European Court: PGD Ban Violates Reproductive Human Rights

The use of genetics in reproductive decisions has a long pedigree, as prospective parents consider their genetic background when considering whether children will be born free from disease. As molecular genetics enters medicine, a technique known as preimplantation genetic diagnosis (PGD) has been available for couples at high risk of giving birth to offspring with genetic disease (e.g., two parents that are carriers for the recessive cystic fibrosis). By using in vitro fertilization with genetic screening, PGD offers the possibility of selecting an embryo without disease for implantation. This technique is used in the U.S. as a modality in the general field of assisted reproductive technologies (ARTs), which are largely unregulated by the government here, although subject to professional norms (e.g., American Society for Reproductive Medicine). This past week, the European Court of Human Rights ruled that Italian Law 40 forbidding the use of PGD violated the human rights of a couple that sought to use the technique because of their risk in birthing a second CF child.
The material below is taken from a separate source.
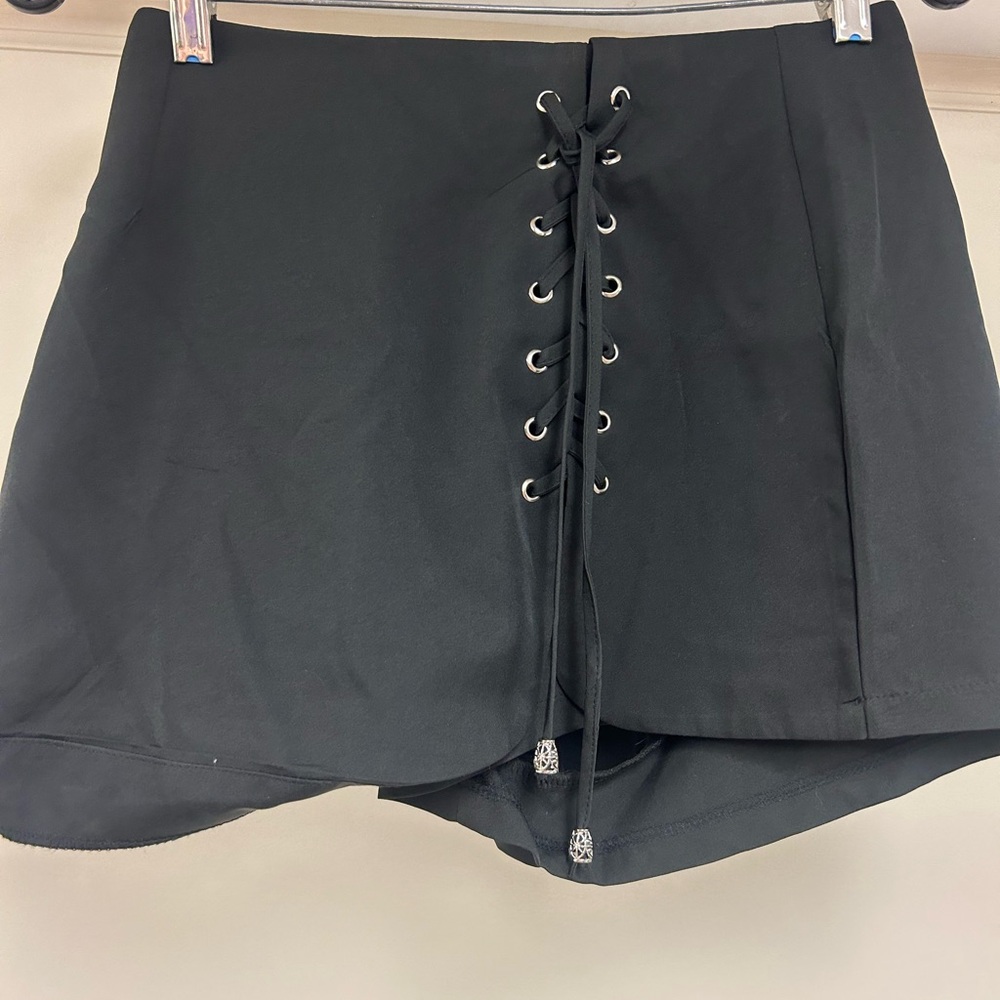 LF Black Skorts with Edgy Lace-Up Design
The law was a violation of Article 8 (right to respect for private and family life) of the European Convention on Human Rights. By analogy to U.S. law, the challenge was a familiar type of assertion for reproductive autonomy against the interference of the state. Italy was ordered to pay damages to the challenging couple. The court noted the "inconsistency of the Italian legal system" - prohibiting the preemptive and avoidant approach of PGD while simultaneously allowing abortion to terminate pregnancy. While the opinion by the ECHR is advisory and does not repeal the law, the ruling will increase pressure on Italy (and possibly Austria and Switzerland, which have similar laws) to reconsider the ban on this ART. Earlier this year, the EHCR ruled that Ireland's abortion ban violated the human rights of a pregnant woman with cancer who could not access abortion services despite her pregnancy-related health risk.